Here are the odds that the worst team in the NBA gets a pick at or better than the current pick, starting with pick 1. (assuming 2 teams do not tie for the worst record)
- First pick: 25%
- Second pick: 46.5%
- Third pick: 64.3%
- Fourth Pick: 100% (if the worst team in the league does not get one of the top 3 picks, they are automatically awarded the 4th pick).
Now, the fourth pick is still a pretty good player, and there is a pretty good chance that you are going to get the second or third pick. However, depending on the draft it may not be the kind of no-brainer that the top pick often is. Therefore tanking in the NBA is only a good strategy if you believe the draft is good enough that the top 3-4 players in the draft are potential franchise defining players.
The question of "has any team ever purposely tanked" is an incredibly difficult one. Plenty of teams give up and trade major pieces at the trade deadline in both basketball and baseball. However, no player would admit to playing less than 100%, and coaches are often fired if their team performs poorly, regardless of the players they have on the team, so it's not in their best interest. So while management can, and will put teams in positions to fail, the players and coaches usually try to do everything they can to not be that last place team.
A great example of this is interviews with Indianapolis Colts players this past year, they knew they were bad, and would be assured a new franchise QB if they had the worst record, but they also knew their jobs were at stake if they didn't at least try their hardest. And at the end of the year when they were the worst team in the league. Despite the fact that they were in position to draft a brand new franchise quarter back, they fired their GM. The players, coaches and management reiterated time and again that "there is no suck for Luck going on.
The other thing that goes into the equation of whether or not to tank is the question of what do you owe the folks that pay the bills. Namely your fans and your television and radio contracts. If you trade away your best players, is the product that you put out on the floor for the last 30-40 games of the season worth the (often obscene) ticket cost your fans are paying? If they stop showing up because you are awful this year, will they re-up their season tickets next year? Even if you only get the 4th pick of the draft? Will your TV and Radio partners give you a poorer contract when it comes time to re-up if they know that you have a tendency to throw a season away for potential draft picks?

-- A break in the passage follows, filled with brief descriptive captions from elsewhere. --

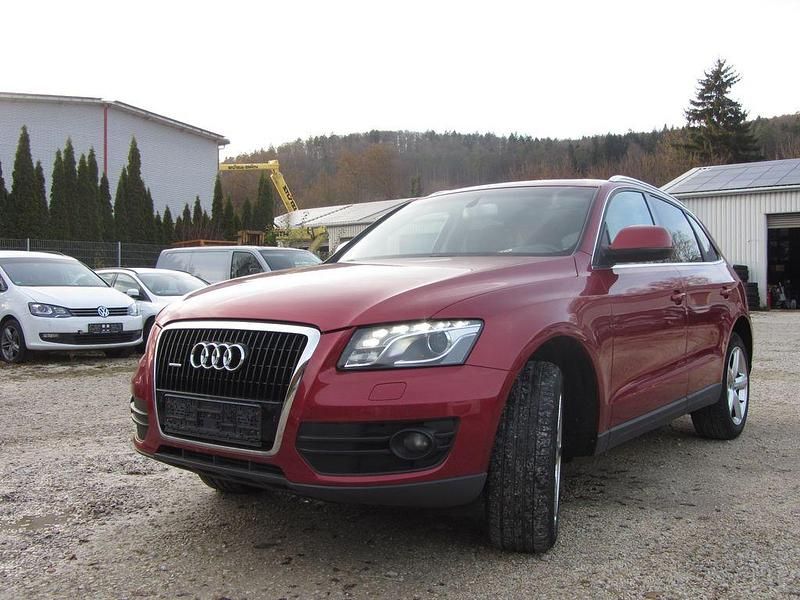 Rot Gebraucht 2009 Audi Q5 Comfort SUV | 7.900 € (Guter Preis) - Bild 1/3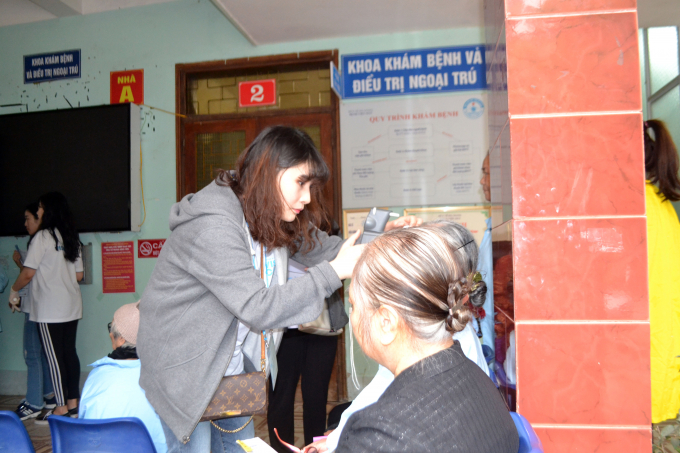 Đội ngũ b&aacute;c sĩ, kỹ thuật vi&ecirc;n nhiệt t&igrave;nh.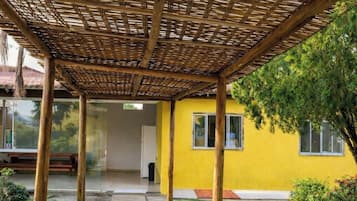 Honeymoon House, Pool Access, Garden View | Garden view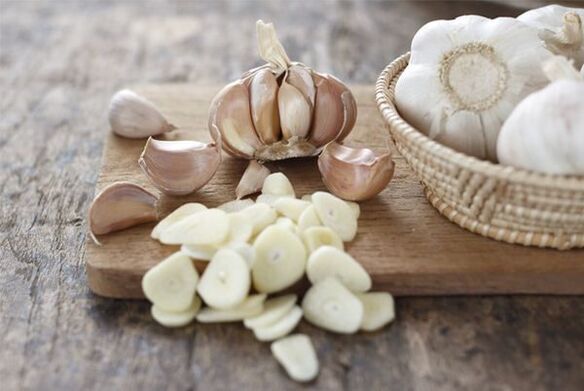 cleansing from pests with garlic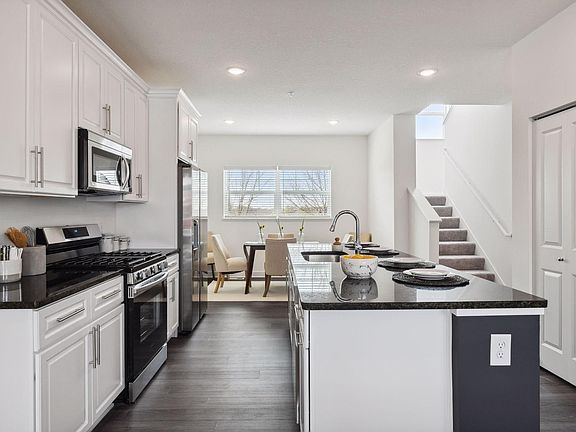 3rd image of 3139 Clover Ridge Dr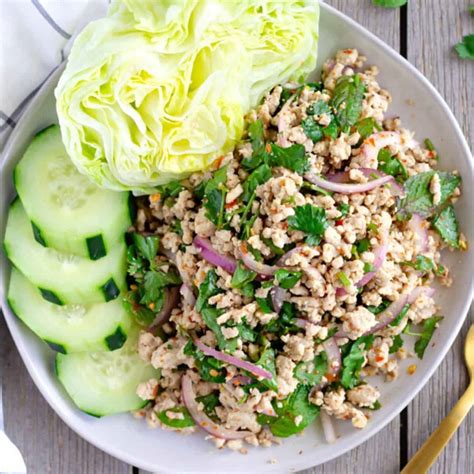laab-gai-thai-ground-chicken-salad-thai image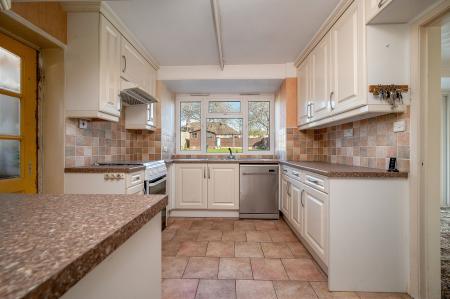 3 bedroom Detached house for sale in Braunston Road, Oakham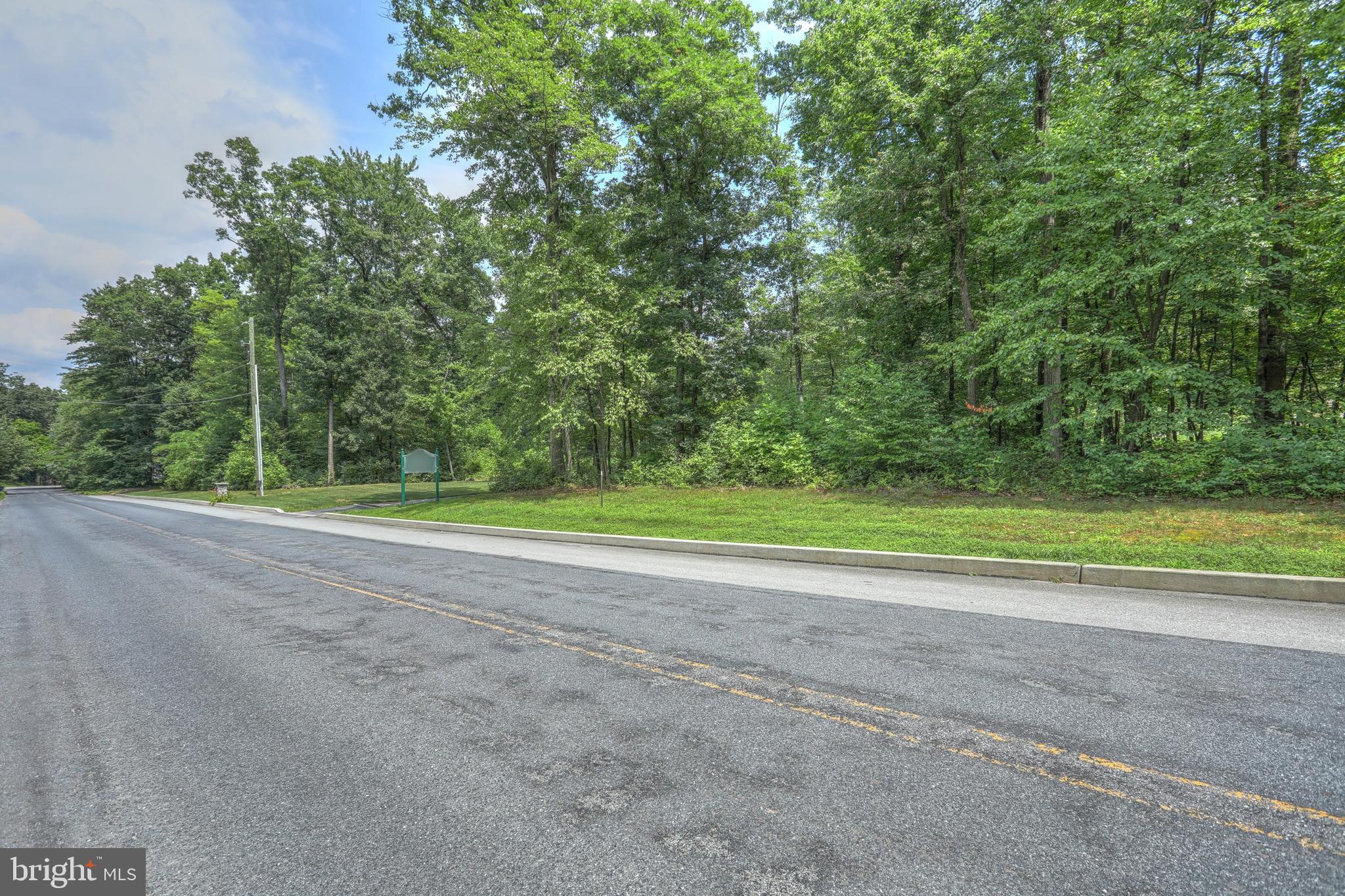 HERITAGE WOODS - Land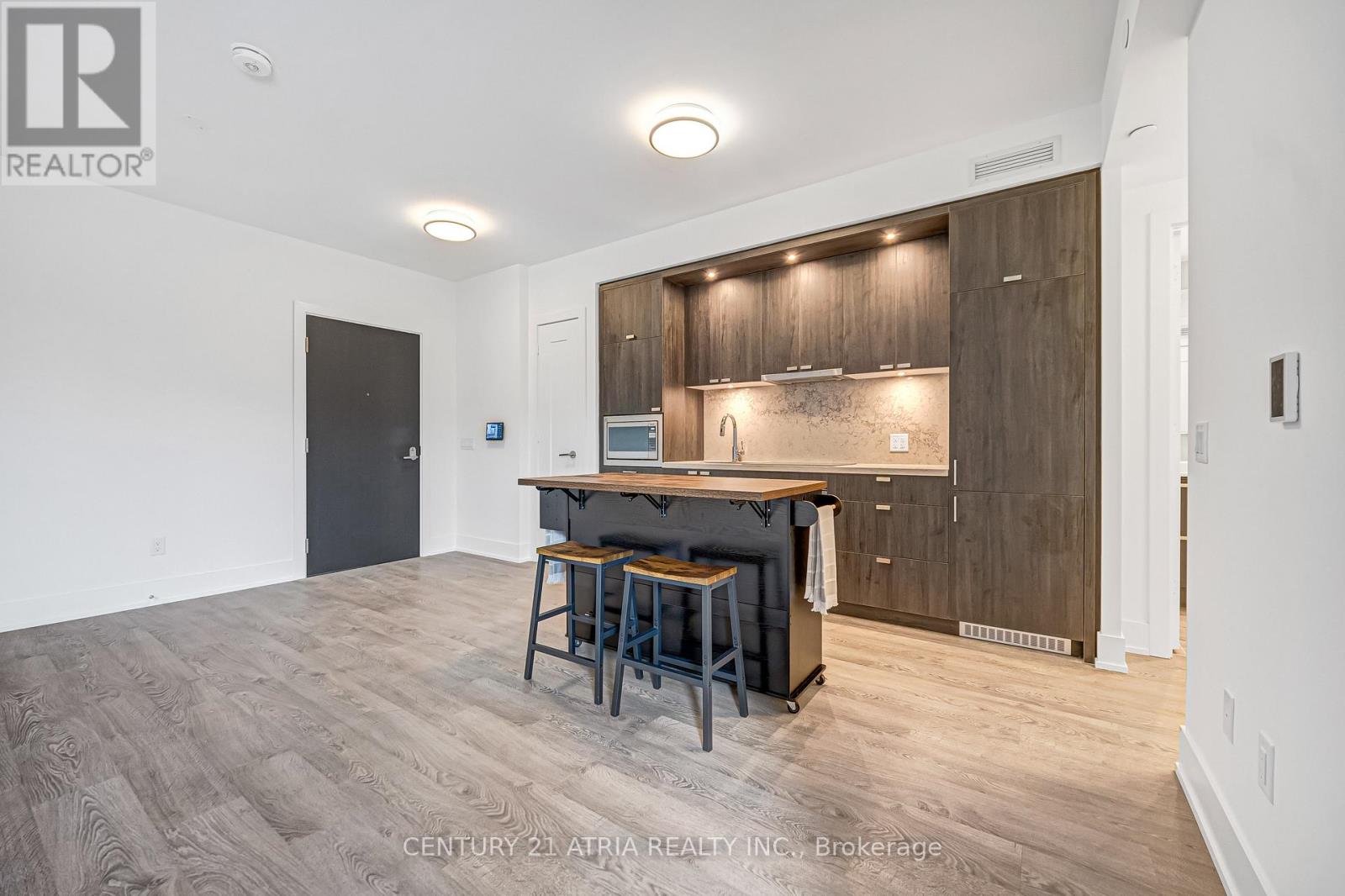 424 - 259 The Kingsway, Toronto, Ontario  M9A 0G2 - Photo 10 - W12482615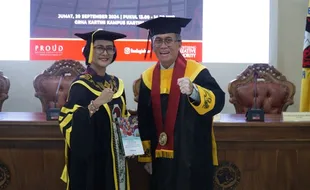 Robert Siagian Raih Gelar Doktor Sosiologi Agama di UKSW, Teladan Creative Minority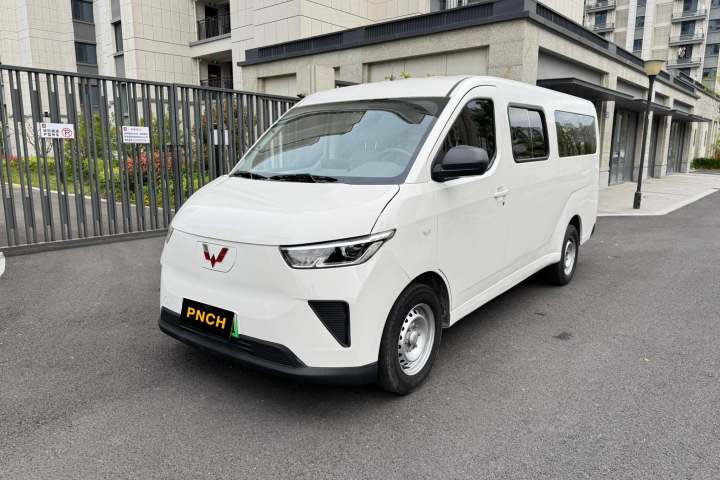 五菱汽车 五菱扬光 300km 舒适型客车版 75kW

In summary, it's an incredibly hard decision for management and ownership when it comes to the trade deadline about whether or not to trade away your best players and play for picks. But (at least on the public face) it's always a clear choice for players and coaches, play as hard as you can and try to win the games that you can. Unless as a coach you have a clear direction from management to sit your best players in the final couple of games, you will be trying to win what games you can so that you might actually get to keep your job at the end of the year. And as a player you're interest is in making sure that you put yourself in the best position to continue playing your sport, which means playing as well as you possible can.